> [TASK GOAL] What's needed is the listing below, repeated word for word with no pictures.

> [DATA EXTRACTS]
——

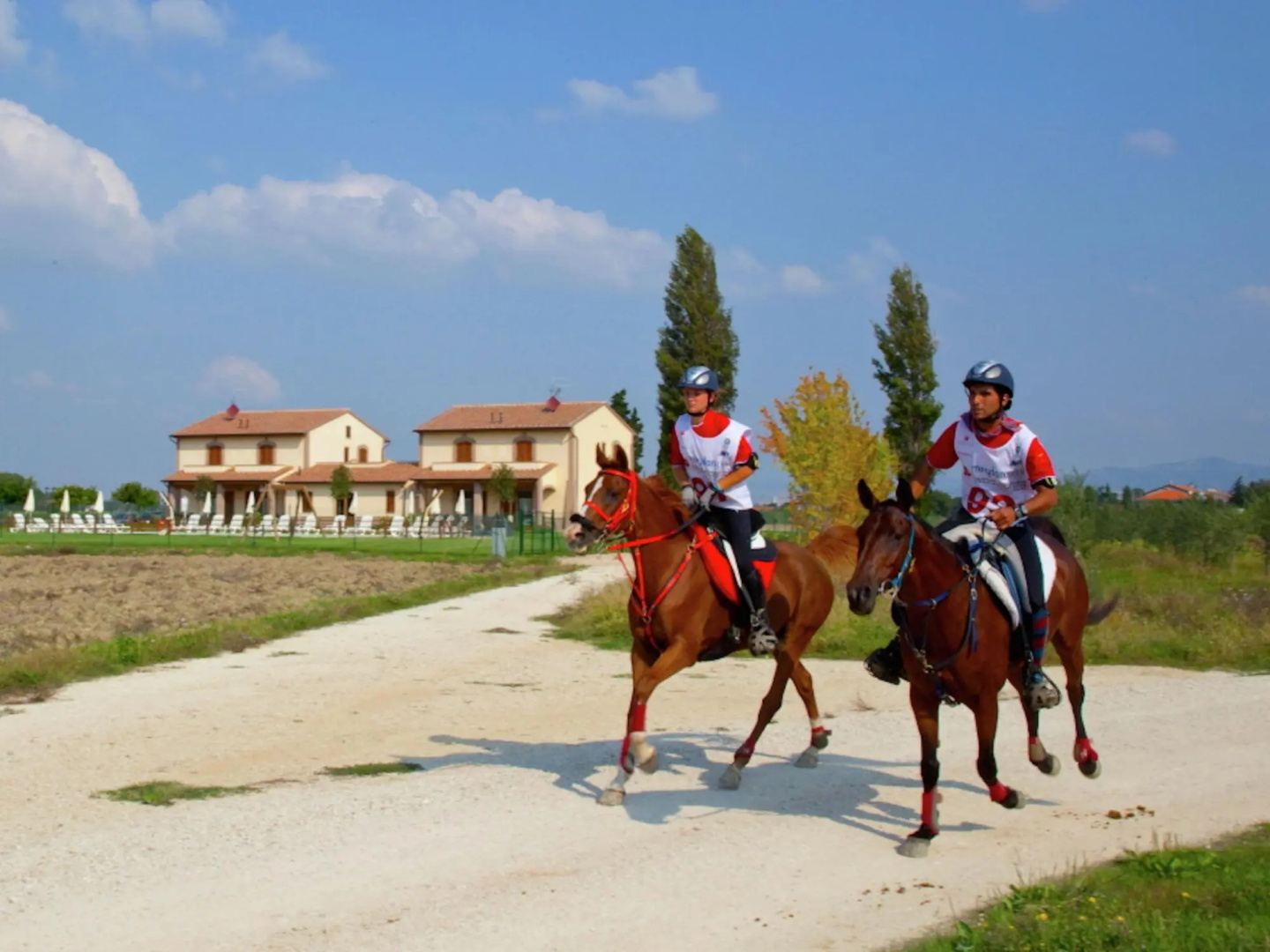 An agritourism complex with views of Assisi.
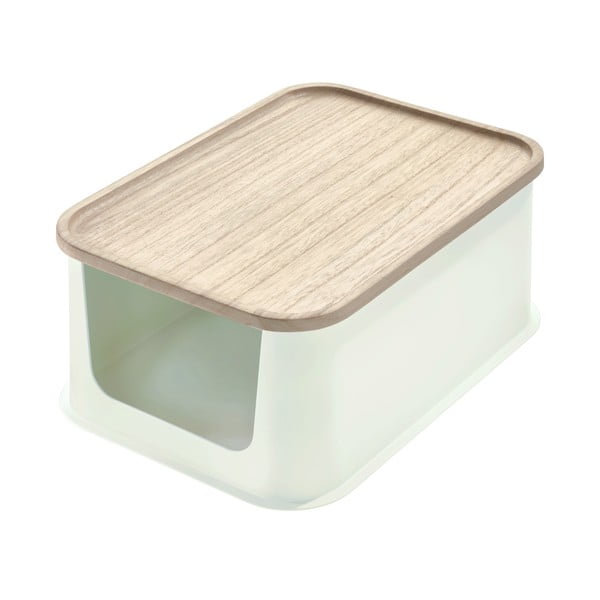 Cutie depozitare cu capac din lemn paulownia iDesign Eco Open, 21,3 x 30,2 cm, alb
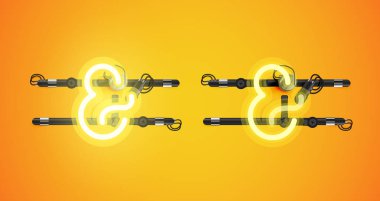 Gerçekçi parlayan sarı neon charcter ve kapalı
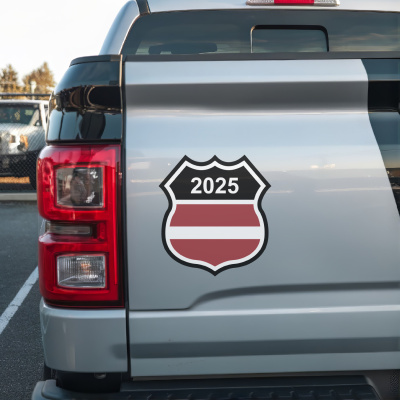 Lettland Wappen mit Jahreszahl Autoaufkleber - Ansicht 3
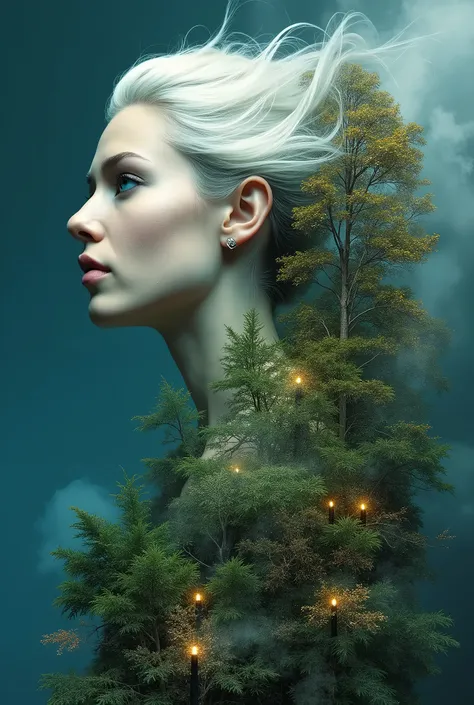  scene Create a fascinating double-exposure photomontage that masterfully unites the intricate worlds of humans and forest and fog and birds and insects.  in this artwork ,  take inspiration from the distinctive styles of Dan Mountford ,  ensuring that the...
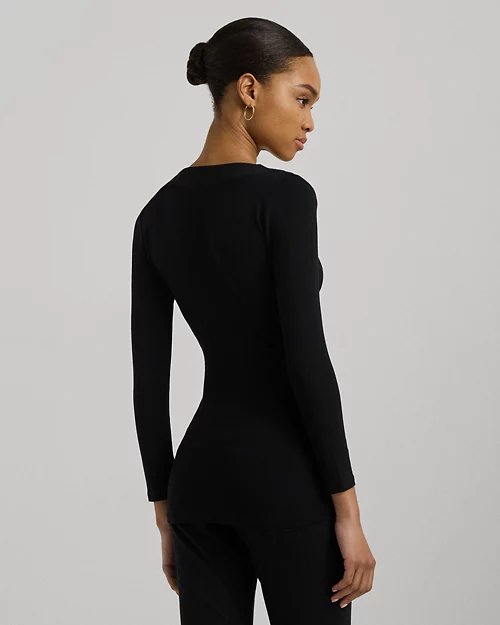 lauren ralph lauren Top cruzado de punto jersey para mujer | Ralph Lauren® ES Venta caliente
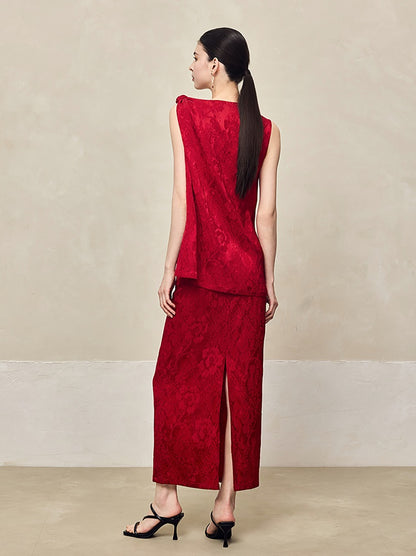 HECO Acetate Jacquard Rear Slit High Waist Slim Red Black White A-line Skirt Woman - KINGDOM.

——

> [ANSWER AREA]
 An agritourism complex with views of Assisi.
 Cutie depozitare cu capac din lemn paulownia iDesign Eco Open, 21,3 x 30,2 cm, alb
 Gerçekçi parlayan sarı neon charcter ve kapalı
 Lettland Wappen mit Jahreszahl Autoaufkleber - Ansicht 3
  scene Create a fascinating double-exposure photomontage that masterfully unites the intricate worlds of humans and forest and fog and birds and insects.  in this artwork ,  take inspiration from the distinctive styles of Dan Mountford ,  ensuring that the...
 lauren ralph lauren Top cruzado de punto jersey para mujer | Ralph Lauren® ES Venta caliente
 HECO Acetate Jacquard Rear Slit High Waist Slim Red Black White A-line Skirt Woman - KINGDOM.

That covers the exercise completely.